The helmet is the most essential gear while riding a motorcycle. Different styles of helmets were developed by helmet manufacturers to meet the needs of different people.
Within a very short time, many different types of helmets were developed to meet different styles, needs, and preferences.
Motorbike experts will know which type of SMK helmets are best for each situation. They will help you choose the right helmet for you.
This article will explain the major types of motorbike helmets and help you choose which one is best for your riding style.
The entire head is covered by a full-face helmet, from the base of your skull to the rear.
A section of fabric protects the face and chin, which usually also holds the visor.
These helmets are the most popular on the street and borrow their design (though it is somewhat muted) from Moto GP helmets.
These helmets are top-rated for safety when you’re on the road.
These include a hinge that allows the chin bar to be adjusted according to the wearer’s requirements (or even removed in certain cases).
These are the second most popular type of helmet commuters wear after full-face helmets.
Remember that safety ratings may be given for both the closed and open position of a modular helmet when checking its safety rating.
The manufacturer may not intend that the helmet be worn openly if safety ratings are only for closed positions.
As a quality-of-life addition, the ‘open feature’ has been added in such instances.
Flip-ups are quieter than flip downs, despite the convenience of opening your helmet’s front to chat or order coffee.
Modular helmets are worn in an open position. This means that the opening at the bottom of a modular helmet can be smaller than a full-face helmet. This allows for less air to enter the bottom opening, which results in a more comfortable experience.
Motocross is physically demanding.
This sport requires riders to heat up faster than commuters.
Therefore, the chin bar and the visor are extended away from the face. This allows for better air circulation and protective goggles.
The visor not only protects against the sun but also shields the eyes from any debris.
A quality off-road helmet, when worn with good goggles can provide comparable protection to a full-face helmet.
A full-face helmet can cause discomfort in tropical climates, regardless of how well the vents are.
Many open-face helmets include a snap-on veil to keep insects out of the eyes.
The protection of the head and base can be as good as a full-face helmet.
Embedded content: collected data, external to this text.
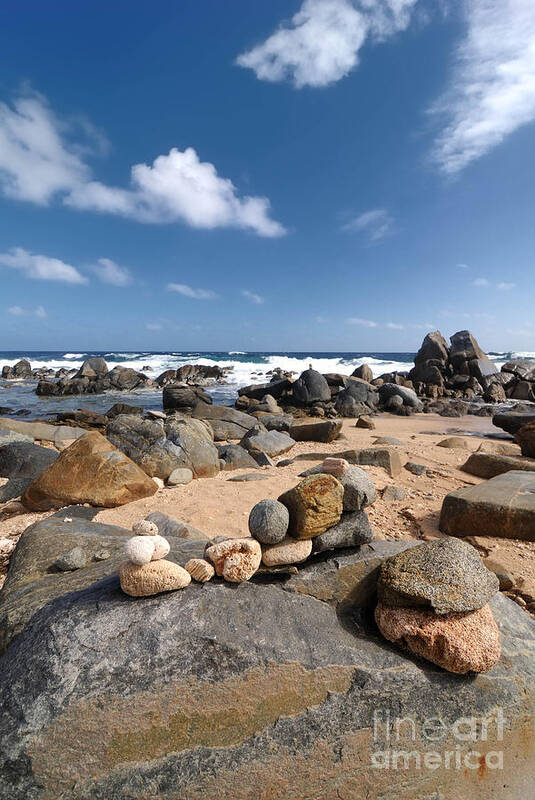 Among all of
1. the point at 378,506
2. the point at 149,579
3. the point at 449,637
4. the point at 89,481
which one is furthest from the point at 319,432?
the point at 149,579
However, the face is not completely protected.
Half Helmet/Pudding Basin
They look exactly like they sound.
This helmet style was popular with bikers, rockers, and street racers.
They may offer some protection against brain injury but not enough to protect the face.
Major manufacturers now offer helmets in this category due to the boom in adventure riding over the past decade.
Common features include a larger face opening to improve peripheral vision, sufficient space to wear goggles, and a visor to block out the sun/debris.
These helmets can be worn on the trail or the road.
A few models with high-end features have a goggle/visor combination that works great.
Many models are available in multiple configurations and can be used for any weather conditions.
We feel a little like Ironman with the idea of customizable dual heads-up displays, touch panels, rearview cameras, and smartphone connectivity.
It seems like that is the way things will be.
You don’t have to mess around with headphones and speakers anymore – your phone and helmet can be connected directly.